だが、それらの報告は『北のナモナキ村』の皆にはせずに、脅威が去った事だけを伝えた。
その後は、宴会の空気を続ける気にもならず、お開きとなった。
そして、翌日の今日。王都へ戻る日だ。
元々、1週間程度の滞在を予定していた事もあったが、昨日のオークの件を然るべき者に、早急に伝えなければならない。
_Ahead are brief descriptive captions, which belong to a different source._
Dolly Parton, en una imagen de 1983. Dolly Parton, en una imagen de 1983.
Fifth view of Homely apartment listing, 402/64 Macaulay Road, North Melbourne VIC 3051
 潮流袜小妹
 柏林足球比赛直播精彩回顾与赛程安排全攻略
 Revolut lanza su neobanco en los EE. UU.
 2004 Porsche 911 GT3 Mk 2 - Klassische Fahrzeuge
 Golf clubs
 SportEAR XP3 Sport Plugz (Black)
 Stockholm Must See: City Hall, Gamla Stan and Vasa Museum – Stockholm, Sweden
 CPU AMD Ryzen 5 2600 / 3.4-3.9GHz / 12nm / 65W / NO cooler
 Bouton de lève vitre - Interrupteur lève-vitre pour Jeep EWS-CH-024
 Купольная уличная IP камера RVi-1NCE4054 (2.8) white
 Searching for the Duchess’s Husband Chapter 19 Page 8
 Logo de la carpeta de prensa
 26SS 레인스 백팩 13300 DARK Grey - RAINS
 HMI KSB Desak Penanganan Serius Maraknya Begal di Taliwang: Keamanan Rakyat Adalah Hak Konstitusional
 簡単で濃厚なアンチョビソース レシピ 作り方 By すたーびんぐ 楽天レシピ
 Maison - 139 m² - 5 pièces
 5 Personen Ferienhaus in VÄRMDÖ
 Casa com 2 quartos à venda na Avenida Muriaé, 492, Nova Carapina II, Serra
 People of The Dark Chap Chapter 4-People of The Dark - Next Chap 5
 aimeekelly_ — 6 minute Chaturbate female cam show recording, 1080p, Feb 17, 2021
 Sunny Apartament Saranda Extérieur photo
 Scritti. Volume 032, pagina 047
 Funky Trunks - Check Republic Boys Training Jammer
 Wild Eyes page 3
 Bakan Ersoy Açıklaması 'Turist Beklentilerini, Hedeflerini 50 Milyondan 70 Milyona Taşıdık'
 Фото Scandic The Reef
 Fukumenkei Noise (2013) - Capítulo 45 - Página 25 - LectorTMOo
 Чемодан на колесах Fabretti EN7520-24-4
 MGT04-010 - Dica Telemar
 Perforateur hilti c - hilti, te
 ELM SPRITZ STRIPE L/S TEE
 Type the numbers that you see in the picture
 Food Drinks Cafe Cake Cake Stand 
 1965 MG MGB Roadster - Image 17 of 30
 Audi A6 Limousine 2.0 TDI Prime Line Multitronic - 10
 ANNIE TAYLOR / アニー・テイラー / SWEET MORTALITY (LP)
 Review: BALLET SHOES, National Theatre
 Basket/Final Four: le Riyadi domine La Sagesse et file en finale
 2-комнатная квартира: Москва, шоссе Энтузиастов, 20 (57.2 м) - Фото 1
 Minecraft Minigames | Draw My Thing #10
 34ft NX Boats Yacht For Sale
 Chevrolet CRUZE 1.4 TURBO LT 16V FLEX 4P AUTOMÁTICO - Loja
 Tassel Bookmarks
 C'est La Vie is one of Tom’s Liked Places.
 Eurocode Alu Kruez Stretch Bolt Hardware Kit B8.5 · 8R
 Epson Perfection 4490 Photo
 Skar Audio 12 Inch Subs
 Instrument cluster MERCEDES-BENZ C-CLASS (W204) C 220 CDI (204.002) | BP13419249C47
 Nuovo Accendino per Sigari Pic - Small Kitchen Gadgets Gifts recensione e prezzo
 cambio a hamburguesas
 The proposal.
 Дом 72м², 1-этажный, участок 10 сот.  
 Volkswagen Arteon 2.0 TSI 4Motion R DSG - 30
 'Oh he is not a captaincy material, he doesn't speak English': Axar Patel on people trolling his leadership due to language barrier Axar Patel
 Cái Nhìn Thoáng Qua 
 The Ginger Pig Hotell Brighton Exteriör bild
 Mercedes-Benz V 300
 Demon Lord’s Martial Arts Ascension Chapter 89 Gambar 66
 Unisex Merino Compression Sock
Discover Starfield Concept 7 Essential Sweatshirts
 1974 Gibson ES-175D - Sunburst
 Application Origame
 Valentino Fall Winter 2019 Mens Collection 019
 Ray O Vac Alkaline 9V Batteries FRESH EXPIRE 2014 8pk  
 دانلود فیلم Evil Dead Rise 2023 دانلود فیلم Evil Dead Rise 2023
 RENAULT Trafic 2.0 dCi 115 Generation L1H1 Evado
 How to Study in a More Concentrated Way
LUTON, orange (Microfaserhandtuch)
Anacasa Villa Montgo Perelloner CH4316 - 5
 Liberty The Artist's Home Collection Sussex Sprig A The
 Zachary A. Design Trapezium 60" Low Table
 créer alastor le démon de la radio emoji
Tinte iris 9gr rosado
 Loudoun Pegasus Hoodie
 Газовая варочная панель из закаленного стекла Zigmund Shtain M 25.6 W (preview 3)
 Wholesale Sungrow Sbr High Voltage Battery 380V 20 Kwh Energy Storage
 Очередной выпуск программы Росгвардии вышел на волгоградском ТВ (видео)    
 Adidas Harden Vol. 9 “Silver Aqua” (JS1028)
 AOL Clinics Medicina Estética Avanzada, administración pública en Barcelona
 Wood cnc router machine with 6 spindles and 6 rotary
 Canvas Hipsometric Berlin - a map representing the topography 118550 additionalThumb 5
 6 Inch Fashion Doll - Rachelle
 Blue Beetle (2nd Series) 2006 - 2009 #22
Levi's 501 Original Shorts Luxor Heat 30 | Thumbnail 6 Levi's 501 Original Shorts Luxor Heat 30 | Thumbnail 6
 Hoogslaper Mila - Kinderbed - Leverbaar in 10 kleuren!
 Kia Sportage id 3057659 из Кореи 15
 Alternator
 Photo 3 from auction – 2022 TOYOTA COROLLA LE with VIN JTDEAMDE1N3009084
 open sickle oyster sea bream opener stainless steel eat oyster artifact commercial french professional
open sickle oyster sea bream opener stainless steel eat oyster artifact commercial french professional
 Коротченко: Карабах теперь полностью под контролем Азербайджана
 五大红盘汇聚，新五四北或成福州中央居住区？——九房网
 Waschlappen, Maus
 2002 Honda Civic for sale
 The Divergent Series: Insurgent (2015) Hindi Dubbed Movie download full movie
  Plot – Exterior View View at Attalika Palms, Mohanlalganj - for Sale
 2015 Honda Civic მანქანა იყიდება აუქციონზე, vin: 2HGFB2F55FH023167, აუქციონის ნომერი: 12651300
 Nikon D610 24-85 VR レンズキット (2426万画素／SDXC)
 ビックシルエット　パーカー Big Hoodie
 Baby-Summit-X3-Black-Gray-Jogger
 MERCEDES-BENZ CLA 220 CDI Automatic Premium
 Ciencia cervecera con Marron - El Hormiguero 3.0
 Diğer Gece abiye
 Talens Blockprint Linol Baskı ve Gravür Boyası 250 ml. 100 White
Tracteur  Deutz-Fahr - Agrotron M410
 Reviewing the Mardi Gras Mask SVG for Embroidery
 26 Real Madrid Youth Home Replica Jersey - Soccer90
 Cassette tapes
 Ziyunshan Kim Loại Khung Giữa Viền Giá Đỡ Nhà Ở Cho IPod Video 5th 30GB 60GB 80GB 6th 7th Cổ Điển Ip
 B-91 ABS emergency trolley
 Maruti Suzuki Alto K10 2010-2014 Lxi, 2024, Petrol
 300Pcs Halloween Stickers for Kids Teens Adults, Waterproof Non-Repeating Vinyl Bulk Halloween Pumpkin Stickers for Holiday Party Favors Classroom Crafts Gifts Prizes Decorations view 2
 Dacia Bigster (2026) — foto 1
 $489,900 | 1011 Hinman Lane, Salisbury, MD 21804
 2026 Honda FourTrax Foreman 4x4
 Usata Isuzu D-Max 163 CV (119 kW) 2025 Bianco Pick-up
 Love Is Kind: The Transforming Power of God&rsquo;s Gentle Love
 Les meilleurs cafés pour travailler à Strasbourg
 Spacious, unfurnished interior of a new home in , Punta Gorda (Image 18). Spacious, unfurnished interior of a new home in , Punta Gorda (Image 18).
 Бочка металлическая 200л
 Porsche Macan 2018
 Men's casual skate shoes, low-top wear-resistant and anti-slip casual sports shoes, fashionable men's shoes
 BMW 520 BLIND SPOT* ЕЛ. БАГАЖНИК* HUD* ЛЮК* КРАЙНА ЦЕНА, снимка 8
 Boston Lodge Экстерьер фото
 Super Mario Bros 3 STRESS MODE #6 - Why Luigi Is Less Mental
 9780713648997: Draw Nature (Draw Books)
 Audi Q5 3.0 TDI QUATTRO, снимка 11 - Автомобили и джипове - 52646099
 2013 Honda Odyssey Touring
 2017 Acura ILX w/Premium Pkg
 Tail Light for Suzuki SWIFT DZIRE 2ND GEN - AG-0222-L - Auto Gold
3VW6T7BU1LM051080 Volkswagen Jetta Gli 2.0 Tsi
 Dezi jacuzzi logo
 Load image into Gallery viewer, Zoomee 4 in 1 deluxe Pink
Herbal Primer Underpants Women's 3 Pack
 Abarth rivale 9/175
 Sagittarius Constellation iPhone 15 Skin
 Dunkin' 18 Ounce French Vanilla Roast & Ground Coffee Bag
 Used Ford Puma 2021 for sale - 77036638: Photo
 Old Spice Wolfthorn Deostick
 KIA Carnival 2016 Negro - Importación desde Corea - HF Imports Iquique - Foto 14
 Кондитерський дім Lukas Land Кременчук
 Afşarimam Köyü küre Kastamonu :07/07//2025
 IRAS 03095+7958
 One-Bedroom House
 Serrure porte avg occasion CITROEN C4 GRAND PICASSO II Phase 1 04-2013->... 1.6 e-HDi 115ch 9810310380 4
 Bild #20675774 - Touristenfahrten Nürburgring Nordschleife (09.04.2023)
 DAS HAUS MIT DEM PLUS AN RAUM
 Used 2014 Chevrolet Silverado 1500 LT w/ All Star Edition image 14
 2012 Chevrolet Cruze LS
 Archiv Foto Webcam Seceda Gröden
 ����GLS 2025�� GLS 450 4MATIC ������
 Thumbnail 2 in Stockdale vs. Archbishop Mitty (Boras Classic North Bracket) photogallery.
王都帰還の話は騒動の後に、既に幼馴染達、両親にも伝えてある。
「義父さん、義母さん、ありがとね。今度は手紙とか出すようにするから」
ノインは別れの挨拶をして父さんと母さんを抱きしめる。
「父さん、母さん、これからも心配をかけると思う。だけど、俺は王都でしっかり冒険者をやっていくから。また纏まった休みが取れたら、帰ってくる」
俺もノインの後ろから声をかける。
はは、昔と違って素直に言えた。
すれ違いもなくなって、顔を上げて村を出られる。
来る時はそんな事、思いもしなかった。
それとは別の問題が出てしまったのは頭が痛いが、帰郷した事は大正解だ。
周りを見れば村の皆が集まり出している。
幼馴染達も両親と会話をしていた。
俺の言葉に、母さんはノインを抱きしめ返しながら口を開く。
「ノーマ、いつでも気にせずに帰ってきなさい。ここは昔も今も、貴方の場所なのだから」
「ノーマ、元気でいるんだぞ! また戻ってきて、お前の王都での話を聞かせてくれ! ははは! あと、ノインをしっかり見守ってやれよ!」
母さんは少し寂しそうな笑顔で言い、父さんは軽く見送りの言葉を言った。
本当、バランスの良い両親だよ……
「……ありがとう。父さん、母さん」
気付けば、『開花』で馬車に乗っていないのは俺とノインだけになっていた。
「ほら、ノー兄。私、先に馬車に乗って待ってるから」
父さんと母さんに抱き着くのをやめ、俺に何かを促して馬車に乗り込むノイン。
……ほら、って言われてもな。
……なんだかんだで、父さんとはしっかり話してたけど……やっぱり母親にってのは、気恥ずかしいもんがある。
「……あ~、なんだ、その……」
父さんと母さんに甘えるようで、上手く言葉に出せずに頬をかいていると――
「ほら、ノーマ! 来いよ!」
父さんが俺の腕を取り、引き寄せると、抱きしめてくる。
そのまま母さんも俺を抱きしめた。
「……ノーマ? 無事で帰ってくるんだよ……無茶はしても、生きて顔を見せるんだからね……」
幼い時に反対を押し切って村を出た。
その時は挨拶も碌にせず、俺よりもまだ身長が大きかった母さんを横目に眺めただけだった。
今は俺の方が大きくなった。
そして、両親の気持ちを知れた。
俺の肩に顔をつけ、震える声で告げた言葉。
本当は王都に送りたくはないだろう。
心配で堪らなく、冒険者なんてして欲しくないだろう。
けれど、俺が夢へ向かって走る姿を見て、必死に耐えて送り出そうとしてくれている。
だから俺も、必死に強がりの言葉を返す。
絶対なんて事はありえないが、信じさせ、安心させるように。
「母さん、無茶はしても生きて戻ってくるから。俺は絶対に生きて戻ってくるから」
俺の言葉に顔を上げ、じっと震える目で母さんは見つめる。
俺がどういう気持ちで言っているか、理解されているだろう。
だが、静かに頷いてくれた。
「ノーラ、大丈夫だ! ノーマならなんだかんだで、機転を利かせて戻ってくるさ! なぁっ!」
そんな空気を吹き飛ばすようにして父さんは言う。
そこで緊張は消えた。
俺も母さんも笑いだしてしまった。
「ははは、そうだね。俺は機転が利くから無事にいつでも帰ってくるよ」
「えぇ、そうね。ふふ、そうよね」
そうさ。
あぁ、そうだとも!
「じゃぁ、母さん。父さんも。行ってくる!」
「「行ってらっしゃい!」」
後ろ手に手を振り、馬車に乗り込む。
今日は、良い天気だ。
門出に丁度良い……
「御者さん、戻りもよろしくお願いします。それじゃ、出発だ! 王都へ!」
馬車の窓から見える父さんと母さん、幼馴染達の両親、村の人達。
窓から手を振り、元気に声をかける幼馴染達。
少し馬車の中は彼女達の声で騒がしい。
だが、その姿を見れば心が温かくなっていく。
晴れ晴れとした気分で王都に戻れるな。
本当に、良いタイミングで休暇が取れたもんだ……
こういう休暇なら、今後も沢山取りたいもんだね。
まぁ、片づけなきゃいけない問題もあるが……それは向こうに着いてからだ。
今は、この余韻に浸っても良いだろ?
馬車は少し揺れながら村を離れ、王都への道を進んで行く。
……そろそろ、俺のもう一つの帰る場所、王都の花園――『百花繚乱』も恋しくなってきていたしな。
あっちにこっちに、忙しない心だよ、まったく。
「……あっちはあっちで、放っておけない大事な仲間――花が待ってるからな」
……しばらくすると帰りたくなる場所、か。
「はははっ。またな『北のナモナキ村』。そして『王都の百花繚乱』、今から戻るよ」
自然と笑みがこぼれてしまう。
俺の独り言に、幼馴染達は何も言わず、嬉しそうに笑っていた。
いや、例外もいる。
ガウルだけは俺を突いて揶揄っていた。